Otherwise broadcast and vpshufb zmm. (https://www.felixcloutier.com/x86/pshufb)
One 128-bit to 512-bit broadcast load can feed two shuffles with different control vectors. Or two vpbroadcastq 64-bit broadcast loads can feed two vpshufb with the same control vector.
On Intel at least, broadcast loads are just a load uop, no ALU. (https://uops.info/). So if you're loading data from memory anyway, do one broadcast load and use 2x vpshufb instead of 2x vpermb since it's cheaper (lower latency but still only one execution port.)
I'm not familiar with Rust's std::simd, but the asm it emitted is very bad, using multiply bithacks (probably with constants like 0x0101010101010101) instead of shuffle instructions.
The asm you want is something like
VBROADCASTI32X4 zmm0, [rsi] # the mem operand is 128-bit, an xmmword
vpshufb zmm1, zmm0, [.LC0] # or with the vector constants in regs if reused
vpshufb zmm0, zmm0, [.LC1]
The first vector constant is 0,0,0,0,0,0,0,0, 1,1,1,1,1,1,1,1 etc. The second is 8,8,8,8,8,8,8,8, 9,9,9,9,9,9,9,9 etc. Indexing is within each 128-bit lane, which is why we used a broadcast load.
If we used vpermb we could have used a simple vmovdqu xmm0, [rsi] which saves a couple bytes of machine-code size, but the shuffles would be higher latency (but still the same throughput, including on Zen 4 apparently.) But that higher latency might make it harder for out-of-order exec, lowering overall throughput.
If your data was already in the bottom of a vector reg to start with, you would prefer vpermb over an ALU shuffle to broadcast or vpmovzx it.
I had hoped VPMULTISHIFTQB with a 64-bit broadcast memory source operand would be even better, but apparently on Intel CPUs it can't micro-fuse into a single load+shuffle uop.
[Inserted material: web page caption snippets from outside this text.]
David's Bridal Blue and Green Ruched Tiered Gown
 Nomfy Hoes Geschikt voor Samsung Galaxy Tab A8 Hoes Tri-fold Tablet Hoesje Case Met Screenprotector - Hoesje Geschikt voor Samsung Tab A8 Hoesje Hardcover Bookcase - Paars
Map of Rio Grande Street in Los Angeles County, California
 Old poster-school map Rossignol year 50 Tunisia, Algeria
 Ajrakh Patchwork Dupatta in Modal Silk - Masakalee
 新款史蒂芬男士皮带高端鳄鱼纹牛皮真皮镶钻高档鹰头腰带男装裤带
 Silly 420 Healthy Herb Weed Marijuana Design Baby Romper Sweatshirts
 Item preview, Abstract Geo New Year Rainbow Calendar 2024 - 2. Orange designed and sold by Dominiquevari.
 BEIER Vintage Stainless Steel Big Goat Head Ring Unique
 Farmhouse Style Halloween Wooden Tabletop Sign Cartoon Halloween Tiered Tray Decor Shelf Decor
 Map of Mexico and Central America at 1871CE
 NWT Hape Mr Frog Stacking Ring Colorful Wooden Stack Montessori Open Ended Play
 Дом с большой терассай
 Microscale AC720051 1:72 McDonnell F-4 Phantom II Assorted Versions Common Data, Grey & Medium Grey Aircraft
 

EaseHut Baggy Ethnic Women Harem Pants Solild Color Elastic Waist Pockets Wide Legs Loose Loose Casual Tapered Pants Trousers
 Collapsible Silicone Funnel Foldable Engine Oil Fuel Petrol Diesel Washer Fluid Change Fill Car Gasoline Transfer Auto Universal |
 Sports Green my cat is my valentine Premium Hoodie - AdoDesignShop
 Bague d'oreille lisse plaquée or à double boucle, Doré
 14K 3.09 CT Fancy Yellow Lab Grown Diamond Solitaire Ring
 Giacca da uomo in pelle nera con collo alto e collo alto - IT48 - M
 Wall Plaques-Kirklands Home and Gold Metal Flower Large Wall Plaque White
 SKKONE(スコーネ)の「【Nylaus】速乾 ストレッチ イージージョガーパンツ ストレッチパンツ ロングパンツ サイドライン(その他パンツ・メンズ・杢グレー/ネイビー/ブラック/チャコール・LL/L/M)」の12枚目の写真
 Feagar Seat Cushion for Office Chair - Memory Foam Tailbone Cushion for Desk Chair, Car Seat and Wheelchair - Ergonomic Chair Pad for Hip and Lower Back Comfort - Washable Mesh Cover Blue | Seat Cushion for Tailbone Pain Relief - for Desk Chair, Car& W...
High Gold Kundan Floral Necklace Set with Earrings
So using it twice is no better than 2x vpbroadcastq loads plus 2x vpshufb, except for a small saving in machine-code size and different packing into the uop cache which might be worse or better. uops.info measured that vpmultishiftqb is 2 uops for the front-end on Ice Lake and Alder Lake (Sapphire Rapids). It could be a win on Zen 4 where it does fuse into a single uop.